CLI on Windows: file name encoding problem
Login

CLI on Windows: file name encoding problem

(1) By Matthias Droste (mdrost) on 2020-11-02 16:57:18 [link] [source]

Hi,

I'm having problems with passing non-ASCII file name arguments to sqlite3.exe under Windows 10 1909: sqlite3.exe ä.sqlite opens or creates the file <invalid char>.sqlite.

This still happens when I change the codepage in cmd (with chcp) from the initial 850 (US) to 1252 (Western European) or 65001 (UTF-8). However, it doesn't happen if I activate the "UTF-8 for non-unicode programs" beta in settings.
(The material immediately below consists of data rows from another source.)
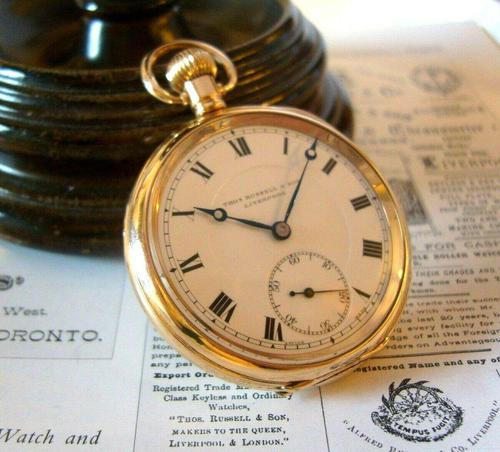 Antique Pocket Watch 1920 Thomas Russell 15 Jewel 10ct Rose Gold Filled Case Fwo (1 of 12)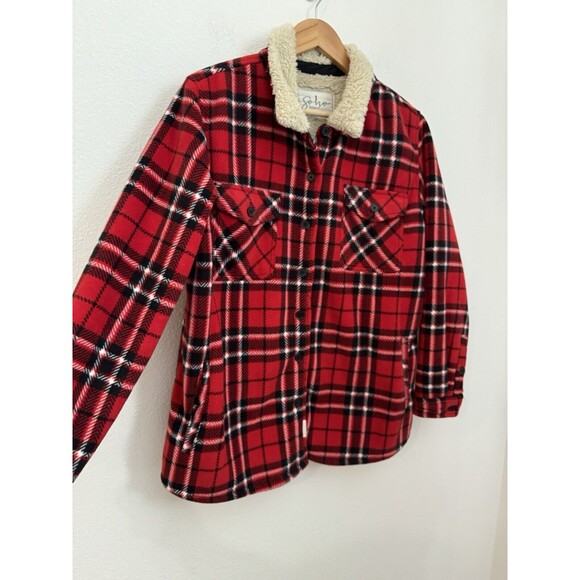 Soho Threads Shacket Womens Large Red Plaid Sherpa Lined Pockets Shirt Jacket - Picture 2 of 5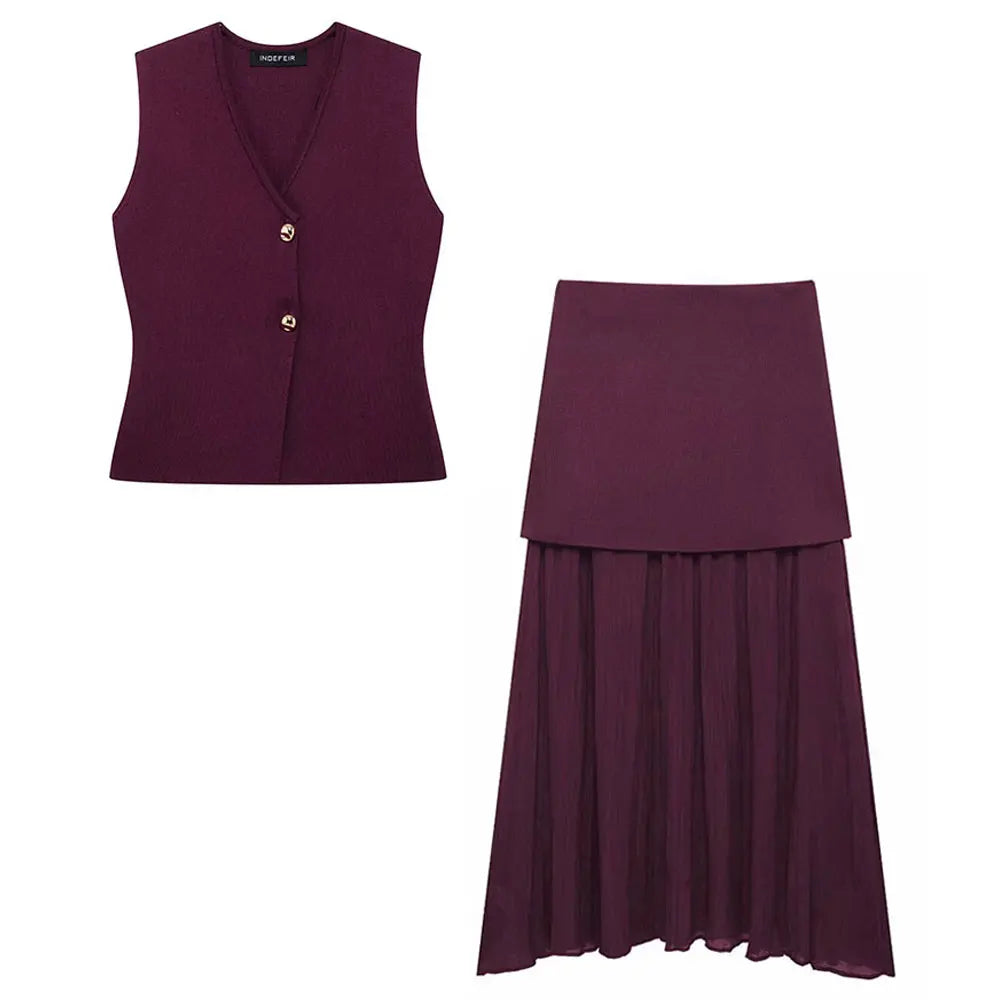 Ulvly Wine Red Knit Vest & Skirt Set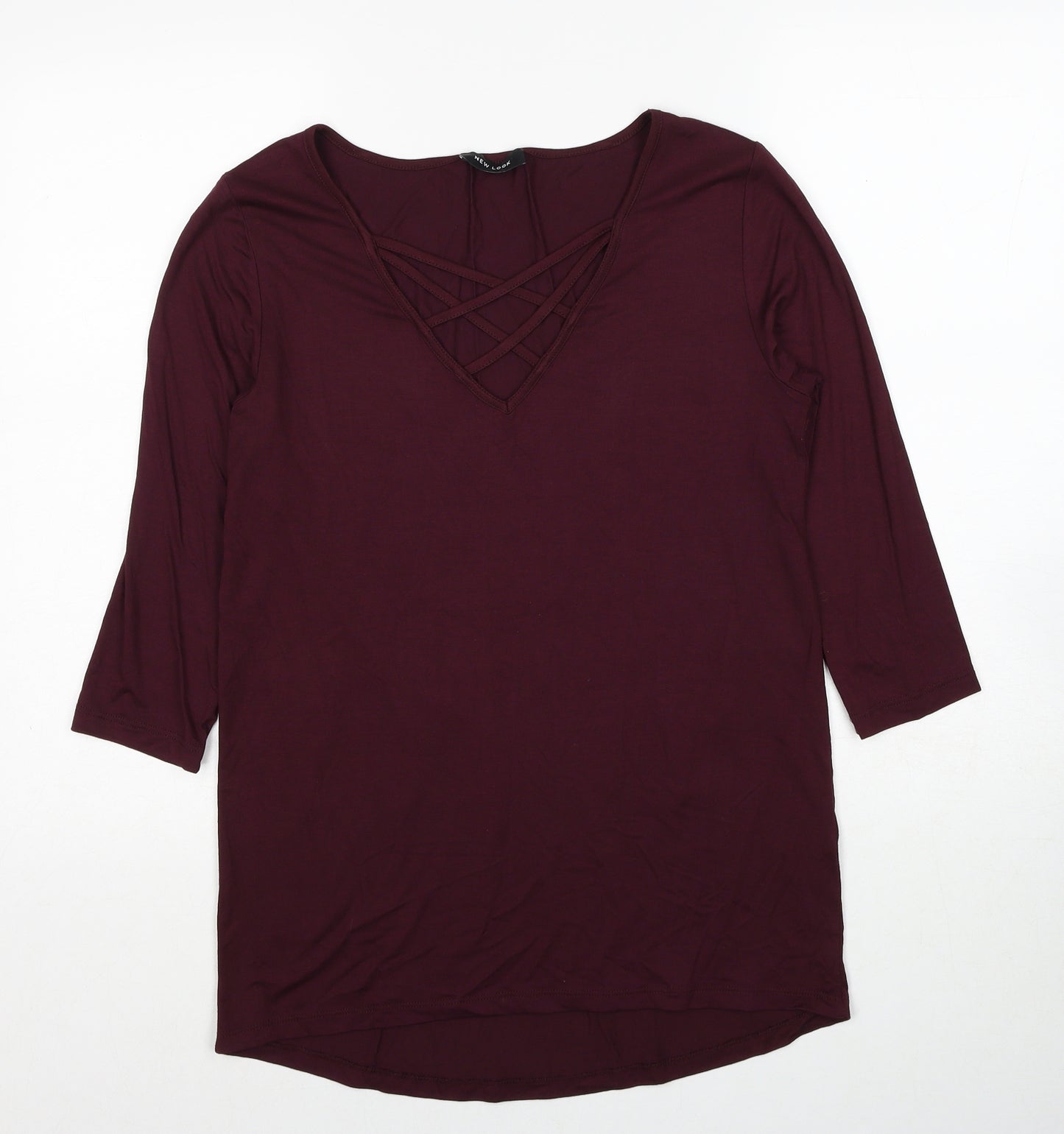 New Look Womens Red Viscose Basic Blouse Size 10 V-Neck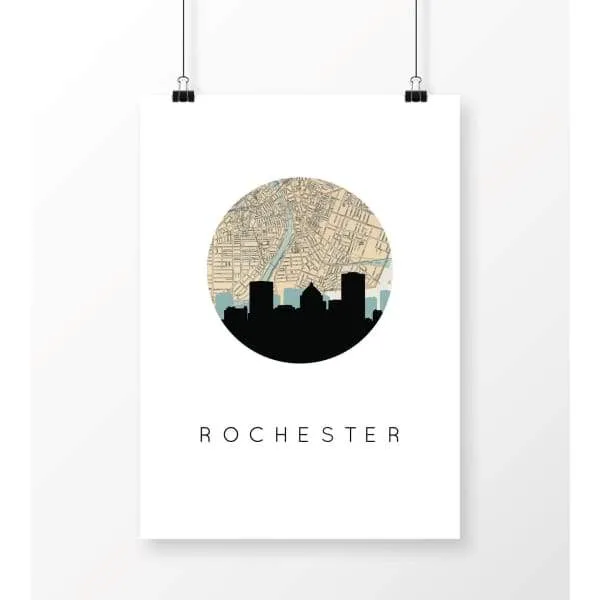 Rochester, New York city skyline with vintage Rochester map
It used to work some months ago in a MSBuild Task (which uses cmd) with SQLite 3.31.1. That might have been still under Windows 1903. Now this problem exists with both 3.31 and 3.33.0 and under cmd and Powershell.

Thanks in advance!

(2) By luuk on 2020-11-02 17:25:27 in reply to 1 [link] [source]

https://docs.microsoft.com/en-us/windows/win32/fileio/naming-a-file

"Use any character in the current code page for a name, including Unicode characters and characters in the extended character set (128–255)..."

They are making things things hard for themselves at microsoft...

I do think this is more a Windows bug then a bug in SQLITE?

(3) By little-brother on 2020-11-02 23:35:50 in reply to 1 [link] [source]

Try to convert a database name from cp437 (used PowerShell by default) to utf8 and then pass the name to sqlite.

(4) By Matthias Droste (mdrost) on 2020-11-03 09:03:46 in reply to 3 [source]

Since our usecase is MSBuild tasks that generate data for unit tests from sql scripts (for source control friendlyness), converting the filenames isn't really practical. However, we do have other workarounds:

  • Manually renaming the problematic files is feasible.
  • We could quickly write our own utility program that applies a sql script to a db.

(5) By Matthias Droste (mdrost) on 2020-11-03 09:43:52 in reply to 2 [link] [source]

Looking at the source of the shell (shell.c.in), I think I see the problem:

  1. On Windows the entry point is a wmain() (line 10807), so arguments are passed as utf16 - the code page doesn't matter here.
  2. In L10877 ff. all arguments are converted to utf8. BTW: is overwriting the wchar*'s in argv with char* legal C?
  3. In L10925 the file path in utf8 is assigned to data.zDbFilename.
  4. At least in L11080 that path is passed to _access(), which would expect the path in the current code page. I assume the same pattern exists in the actual file creation call. That would explain why it works with the "utf8 codepage" system setting.